この時、ショベルカーとダンプトラックの距離を測っているのは、作業現場の横に配置されたLiDAR(ライダー)。このLiDARは、対象の位置関係だけでなく、積載車の形状から一般的なタイヤ式のダンプカーか、履帯を備えたクローラダンプかの機種判定も行っており、ショベルカーの積込制御に反映される。

ショベルカーは、ベテランオペレーターの操作をモデルとしたプログラムによって、有人の時と同じように土を掘り、円滑な動きでダンプカーに積んでいく。土がすくえる場所へ機体を微妙に横移動させる動作も、有人の時と同じだ。

また、Cat320には、実際にバケットがすくった土の重さを計測する「Catペイロード」機能が標準装備されており、実際にダンプに積んだ土の総量を把握している。この日は土が湿って粘土状となっていたため、一回の掘削で積める土は多めだったが、この機能によって作業を4回目で終えたり、最後の一回を少なめにしたり、といった加減も自動で行われる。また、遠隔地からリアルタイムで作業軌跡や作業量をモニタリング・記録することも可能だ。

なお、作業現場から歩いて5分ほどのところには遠隔操作室があり、ショベルカーを監視・操作するためのモニターやコントローラーがある。ここから、人が立ち入れない災害現場などでの作業を想定したマニュアル遠隔操作も可能だが、今回のような無人化施工の場合は、基本的にはボタン一つだ。昨年はすでにソフトバンクと共同で5Gを使っての実証実験も行わているが、この日はWi-Fiのみで操作されていた。

意外だったのは、現時点ではこうした一連の自動化作業を、車両側のセンサーもカメラもなしで行っていたこと。将来的には作業現場横のLiDARの代わりに、センサーやカメラを車載することになりそうだが、現時点でも、どの部分をすくったか、どれだけの量を積んだか、といった情報で、ベテランオペレーターと同じように掘削・積込作業が出来ている。ショベルカーには「見えていない」のに、土を積み終わった後、荷台の土をバケットで平らにならす動作もスムーズだ。

また、ダンプへの積込操作が滑らかであることも重要だという。有人のダンプトラックに乱暴に土を積むと、その衝撃でドライバーに不安感を与えてしまうからだ。自動機(この場合は無人ショベルカー)と普通機(有人ダンプトラック)を連携させる場合、自動機には「優しさ」が必要になる。「自動機と自動機という組み合わせは過去にもあったが、自動機と普通機との組み合わせは今回が初ではないか」と青木氏は言う。遠隔操作室の様子遠隔操作室の様子

建設業界が自動化に期待すること

このように、自動化されたCat320の作業は見事だったが、現時点で開発はまだ始まったばかりで、キャタピラー、大成建設の両社も、まだ実用化の目途を話す段階ではない、としている。

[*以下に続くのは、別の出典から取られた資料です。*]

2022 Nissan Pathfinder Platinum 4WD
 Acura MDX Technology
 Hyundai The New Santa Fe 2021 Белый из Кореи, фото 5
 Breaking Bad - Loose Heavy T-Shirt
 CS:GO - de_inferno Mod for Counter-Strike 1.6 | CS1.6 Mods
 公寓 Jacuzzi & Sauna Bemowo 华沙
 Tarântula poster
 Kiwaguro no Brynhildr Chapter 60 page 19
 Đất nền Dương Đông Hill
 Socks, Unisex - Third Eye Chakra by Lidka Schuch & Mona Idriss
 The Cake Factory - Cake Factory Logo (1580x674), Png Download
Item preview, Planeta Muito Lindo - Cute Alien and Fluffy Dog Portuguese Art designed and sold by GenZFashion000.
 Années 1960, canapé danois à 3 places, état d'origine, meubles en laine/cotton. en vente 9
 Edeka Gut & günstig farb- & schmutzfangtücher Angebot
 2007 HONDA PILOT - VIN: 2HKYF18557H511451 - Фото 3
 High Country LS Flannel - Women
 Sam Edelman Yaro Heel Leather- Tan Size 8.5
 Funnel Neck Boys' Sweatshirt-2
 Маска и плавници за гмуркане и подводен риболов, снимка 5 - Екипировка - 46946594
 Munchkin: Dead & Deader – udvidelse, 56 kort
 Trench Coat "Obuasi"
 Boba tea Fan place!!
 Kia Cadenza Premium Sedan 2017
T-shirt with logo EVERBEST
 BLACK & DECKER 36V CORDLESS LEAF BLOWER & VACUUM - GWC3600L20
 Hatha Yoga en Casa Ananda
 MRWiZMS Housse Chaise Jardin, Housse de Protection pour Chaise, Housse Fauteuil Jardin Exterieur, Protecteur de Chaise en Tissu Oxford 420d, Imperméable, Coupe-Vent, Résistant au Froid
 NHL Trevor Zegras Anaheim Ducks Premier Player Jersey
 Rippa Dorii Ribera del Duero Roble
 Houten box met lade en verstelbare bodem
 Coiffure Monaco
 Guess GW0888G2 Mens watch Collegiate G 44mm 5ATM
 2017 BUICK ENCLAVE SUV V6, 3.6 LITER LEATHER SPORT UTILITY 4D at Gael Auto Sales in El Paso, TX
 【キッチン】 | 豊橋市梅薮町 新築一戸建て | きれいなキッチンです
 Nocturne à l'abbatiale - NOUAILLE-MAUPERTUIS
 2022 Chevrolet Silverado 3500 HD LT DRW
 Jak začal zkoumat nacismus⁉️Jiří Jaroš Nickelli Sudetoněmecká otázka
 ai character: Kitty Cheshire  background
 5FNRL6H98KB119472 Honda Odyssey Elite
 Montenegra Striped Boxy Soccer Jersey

とはいえ今後は、ショベルカーに限らず、各種建設機械の自動化技術を開発し、将来的にはAI技術の活用も視野に入れながら、複数の建設機械を自動連携させた無人化の実現を目指す予定だ。

建設業界が施工の自動化を目指す最大の理由は、やはり人不足だ。ただし、見学会に同行したキャタピラーのハリー・コブラック代表執行役員は、「人が工事現場から突然消えるとは思っていないし、それが私たちの目標でもない」とし、「私たちは一人一人の力を拡大させるテクノロジーを開発している」と語る。

さらにもう一つ重要なのは、将来こうした自動化や遠隔操作が可能になれば、若い人にもロボットやゲームのような感覚で建設業に興味を持ってもらえるのではないか、という期待だ。建設機械の自動化に、業界のイメージや働き方を変える可能性は確かにある、と実感した一日だった。